Records for processing
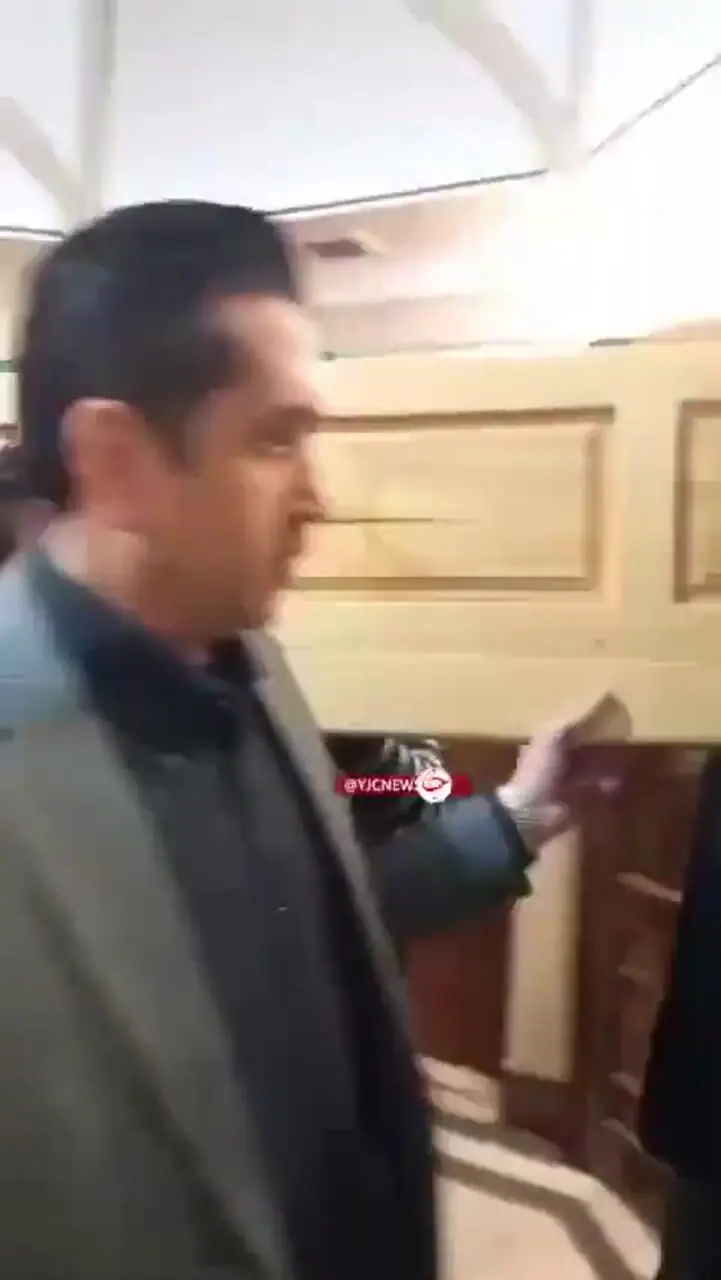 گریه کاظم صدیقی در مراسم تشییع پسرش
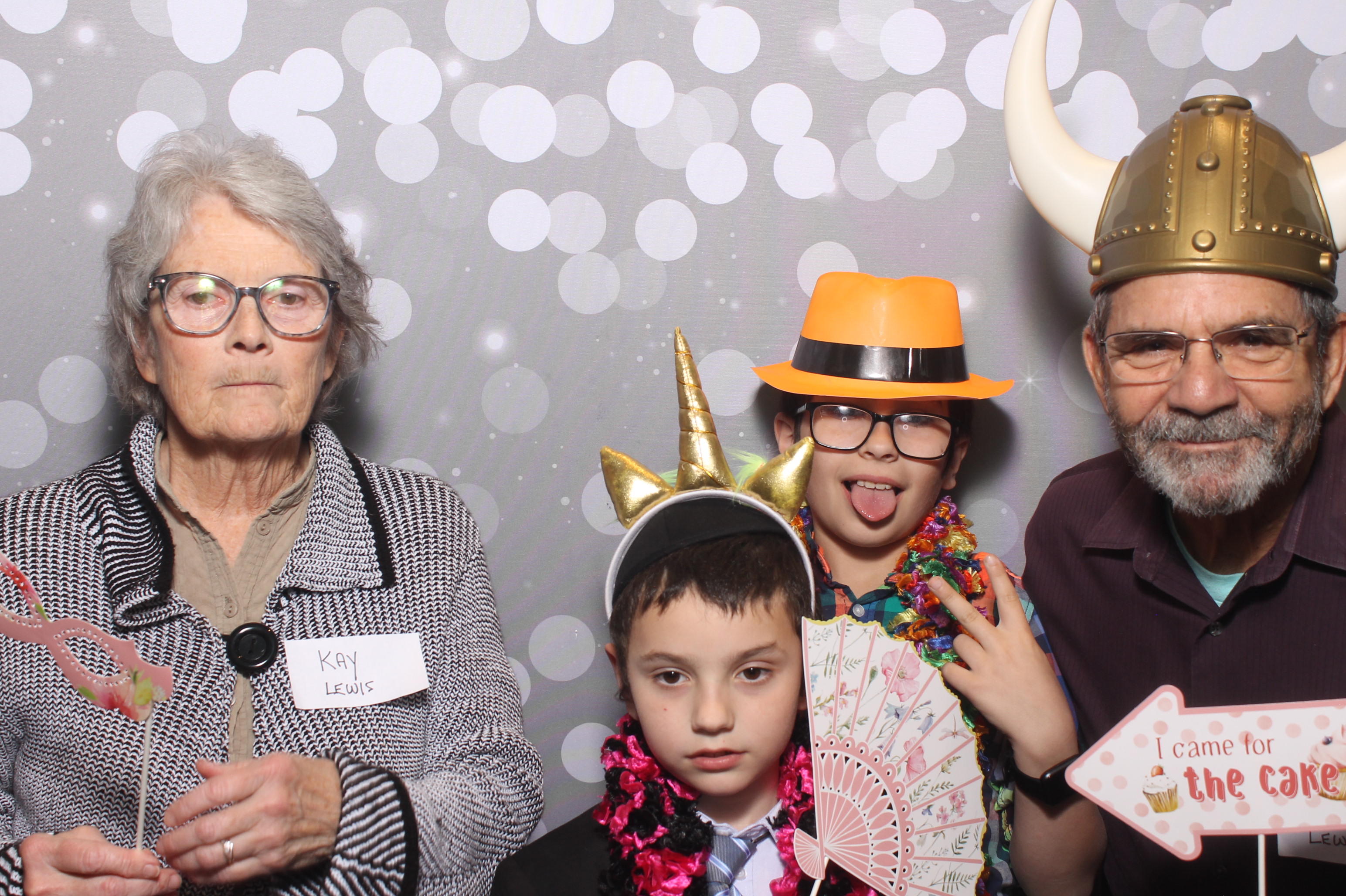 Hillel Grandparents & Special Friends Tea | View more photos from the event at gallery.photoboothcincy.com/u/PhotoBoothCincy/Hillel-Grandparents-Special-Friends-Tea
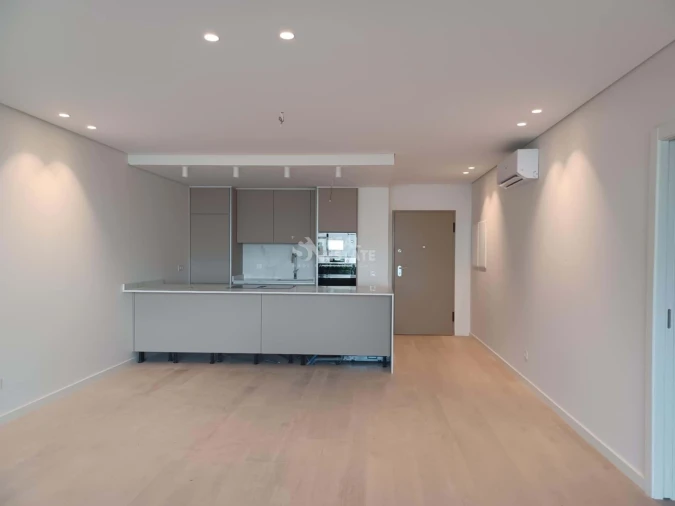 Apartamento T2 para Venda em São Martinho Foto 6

--

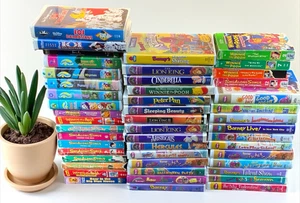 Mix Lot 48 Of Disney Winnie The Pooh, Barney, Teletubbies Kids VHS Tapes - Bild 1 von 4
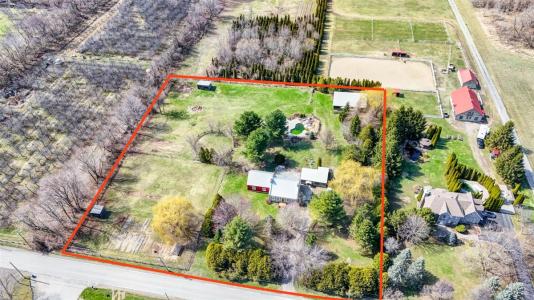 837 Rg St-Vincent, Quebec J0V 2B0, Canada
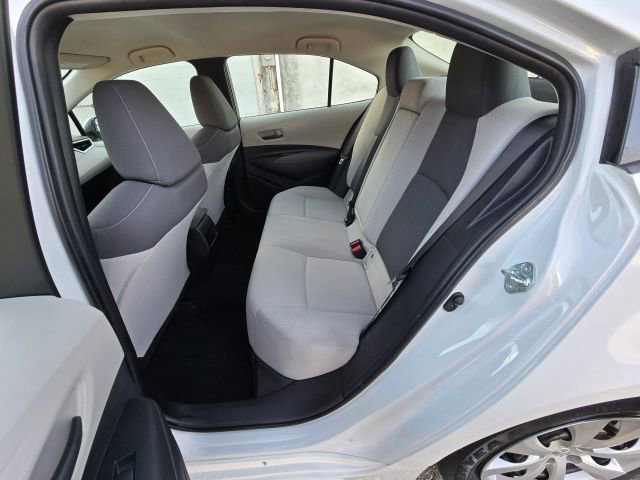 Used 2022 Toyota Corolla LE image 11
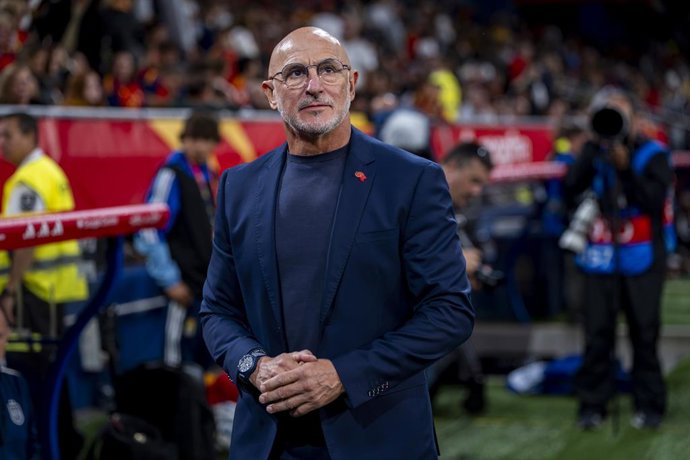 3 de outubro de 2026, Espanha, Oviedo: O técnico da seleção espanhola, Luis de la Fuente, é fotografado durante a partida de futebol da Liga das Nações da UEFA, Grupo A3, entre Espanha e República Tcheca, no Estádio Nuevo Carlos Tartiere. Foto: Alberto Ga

Your objective
Every line from the one with "Hillel Grandparents &" through the one with "Apartamento T2 para" is to be reproduced exactly as written above, and the pictures are to be dropped.

Response area
 Hillel Grandparents & Special Friends Tea | View more photos from the event at gallery.photoboothcincy.com/u/PhotoBoothCincy/Hillel-Grandparents-Special-Friends-Tea
 Apartamento T2 para Venda em São Martinho Foto 6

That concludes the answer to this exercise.